Indeed, the formula of CP decomposition is a special case of Tucker decomposition. Mathematically, for any $(i,j,t)$-th entry of a given third-order tensor $\mathcal{Y}$, the form of CP decomposition can be written as

$$y_{ijt}\approx\sum_{r=1}^{R}u_{ir}v_{jr}x_{tr}=\sum_{r_1=1}^{R}\sum_{r_2=1}^{R}\sum_{r_3=1}^{R}g_{r_1r_2r_3}u_{ir_1}v_{jr_2}x_{jr_3},$$
where hyper-diagonal entries of the core tensor $\mathcal{G}$ are 1. In other words, $g_{r_1r_2r_3}=1$ for any $r_1=r_2=r_3$ and $g_{r_1r_2r_3}=0$ otherwise.

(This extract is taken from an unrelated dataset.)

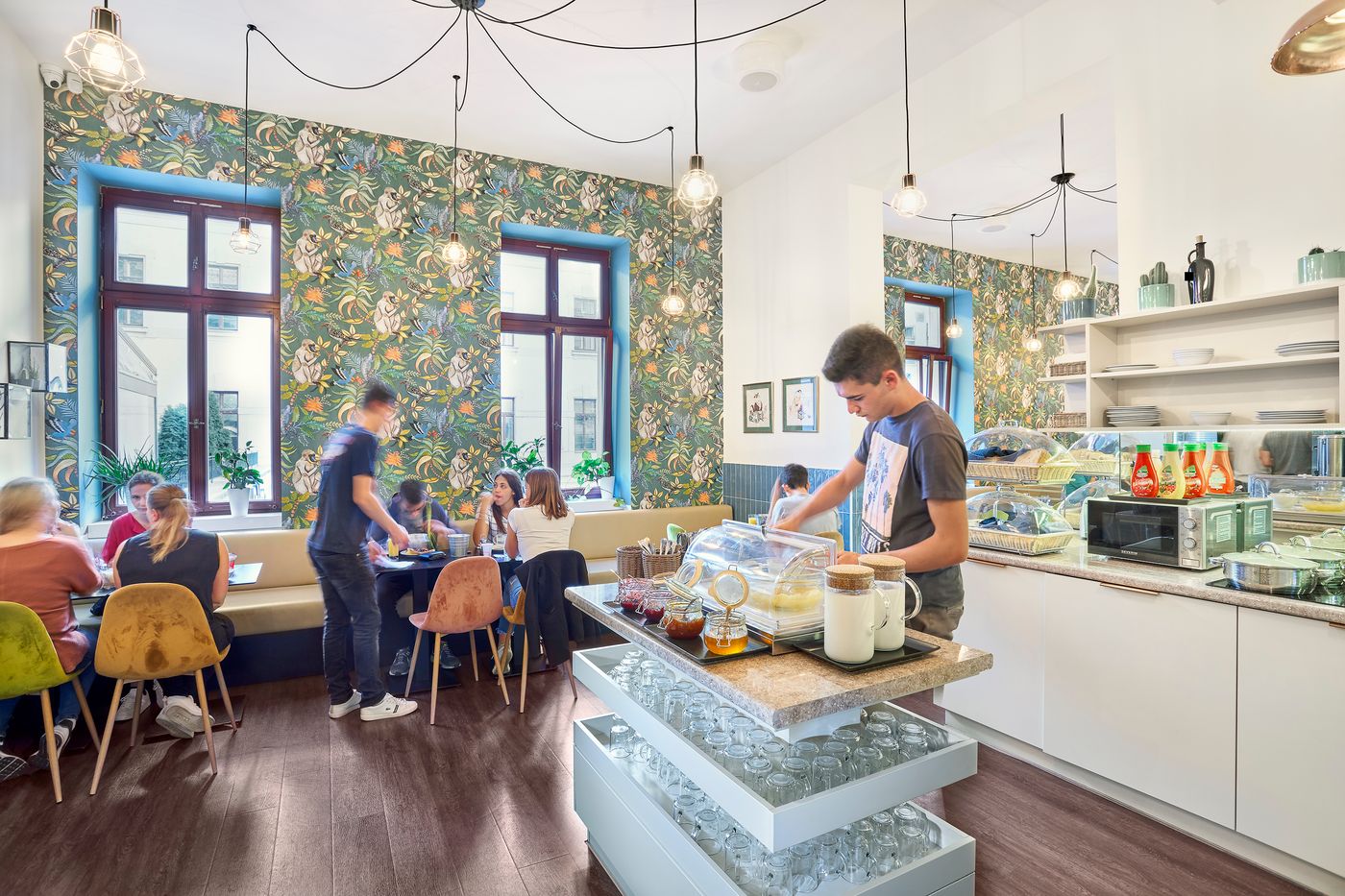 Gozsdu-Court-General-view-9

Regarding CP decomposition as a machine learning problem, we could perform a learning task by minimizing the loss function over factor matrices like aforementioned Tucker decomposition, that is,

$$\min _{U, V, X} \sum_{(i, j, t) \in \Omega}\left(y_{i j t}-\sum_{r=1}^{R}u_{ir}v_{jr}x_{tr}\right)^{2}.$$

Within this optimization problem, multiplication among three factor matrices (acted as parameters) makes this problem difficult. Therefore, following the aforementioned Tucker fdecomposition scheme, we apply the ALS algorithm for CP decomposition.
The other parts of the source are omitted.